斬る 1962 KIRU

  • 投稿日:
  • 更新日:
  • by
  • カテゴリ:

原作:柴田錬三郎
監督 三隅研次
撮影:本多省三
出演 市川雷蔵、藤村志保、渚まゆみ

三隅研次監督と市川雷蔵による剣三部作の第1作。三隅研次監督が目指す映像美を楽しむことが出来る。
最初のプロローグの藤村志保が覚悟した顔つきで登場するところから始まるシーンがすばらし。横から上から下からとカメラワークが変わる。静かに歩く足が映し出され、廊下が鏡のように足元の着物を映す。ふすまを開けるときの足の運びのためらいが素晴らしい。
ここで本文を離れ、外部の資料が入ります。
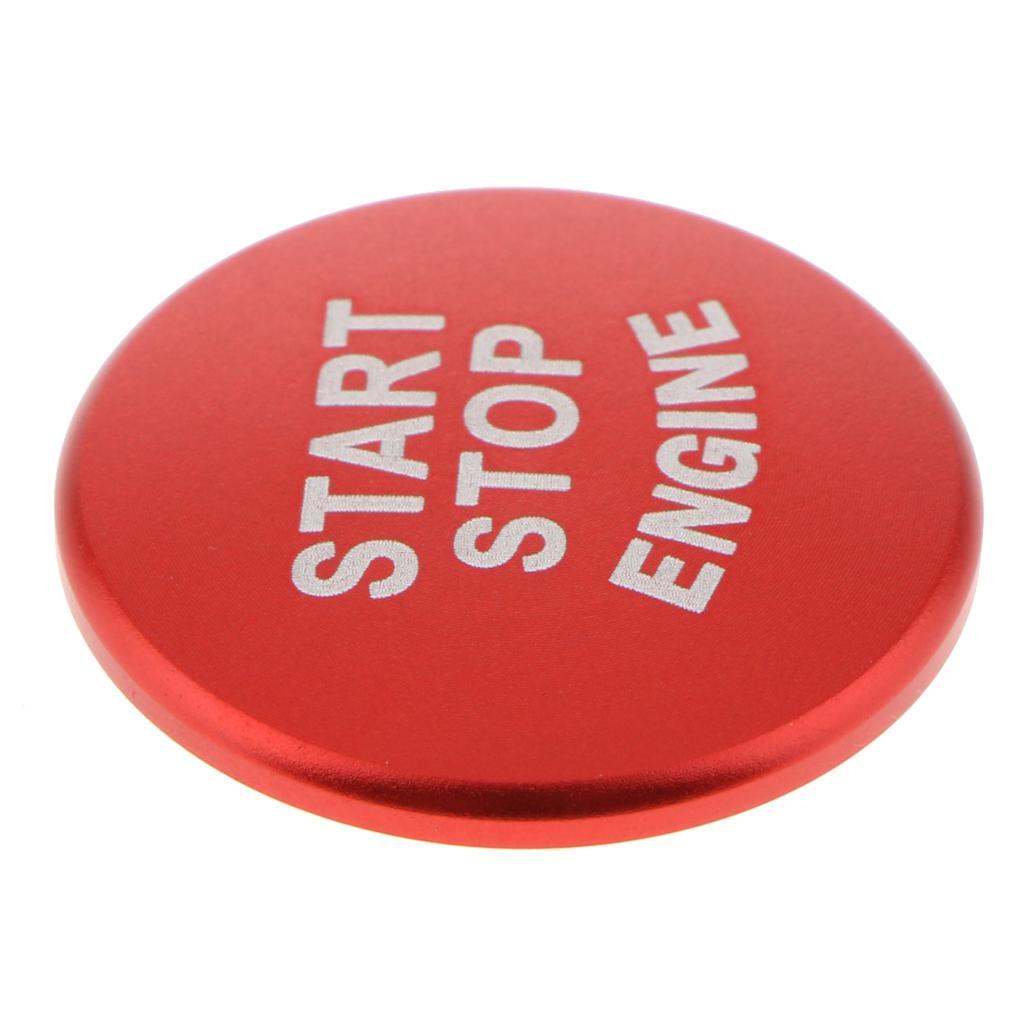 3-5pack Start Stop Engine Button Switch Cover For BMW F30 F20 F32 X1 F48 F45 Red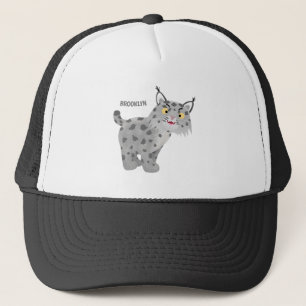 Gorra De Camionero Personalizado del lince del bobcat medio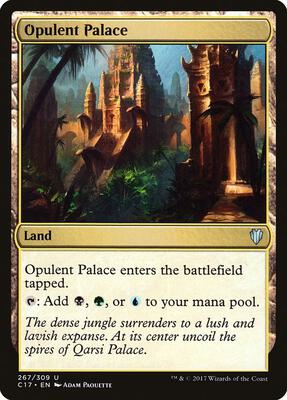 Opulent Palace card from Commander 2017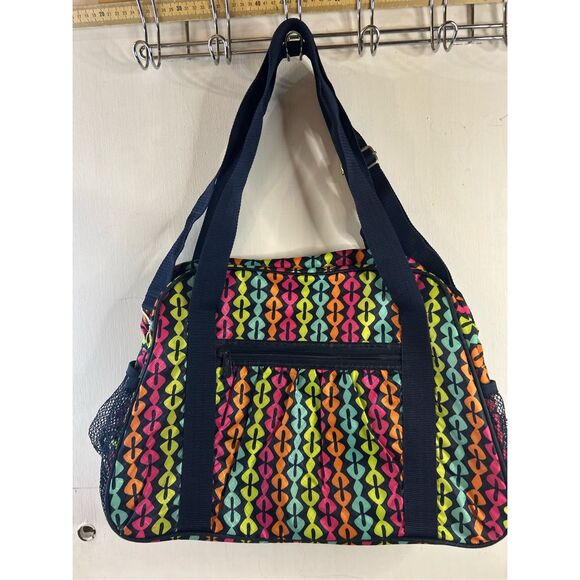 31 Thirty one travel bag carry on shoulder strap handles colors 18"x13" Navy & C - Picture 2 of 8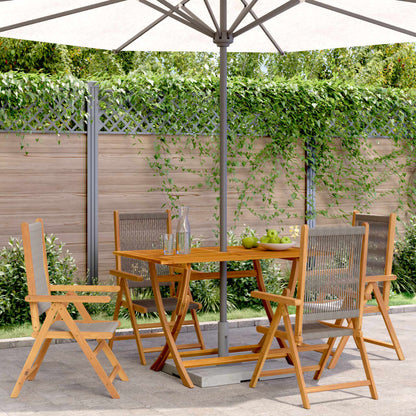 Garden Chairs 2 Pcs Solid Wood Acacia And Polypropylene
藤子を演じる藤村志保の顔の表情がポイントである。それに続く処刑シーンも幻想的で美しい。藤村志保の顔も死でいくのに笑顔すら見せ平穏で満足した顔つきで処刑をうける。
この映画には、すこし眠り狂四郎の雰囲気がある。やはり柴田錬三郎が原作者だからだろう。
川辺での決闘シーンでは、大胆に人間が真二つになる。これにはあの時代にしては大胆な演出だと思ってしまう。
高倉信吾には、三人の父と三人の女性がいる。一人は養父高倉信右衛門、そして実父、最後に大目付である。そして三人の女性が。母、妹そして田所左代。
お茶をする時に、じっと茶器に見入る高倉信吾の無邪気な姿がよい。うぐいすの泣き声があり、梅の小枝をとり最後に邪剣三弦の構えを出すこの対比がいい。
最後のシーンでは、高倉信吾は切腹していない。切腹をする前に見た母そして弟を守って死んだ田所左代の姿を思い倒れ込む。彼の切っ先に血糊はない。僕はここで死んでいないと思いたいんだが。公式にはやはりここで自害していることになっている。この話には本当は続きがあるといいな思う。高倉信吾は、今までの剣シリーズの主人公と違って、思い込んだ雰囲気がなくどこかにゆとりがあり生きている。眠り狂四郎と違う雰囲気がありこれもシリーズ化して欲しかった。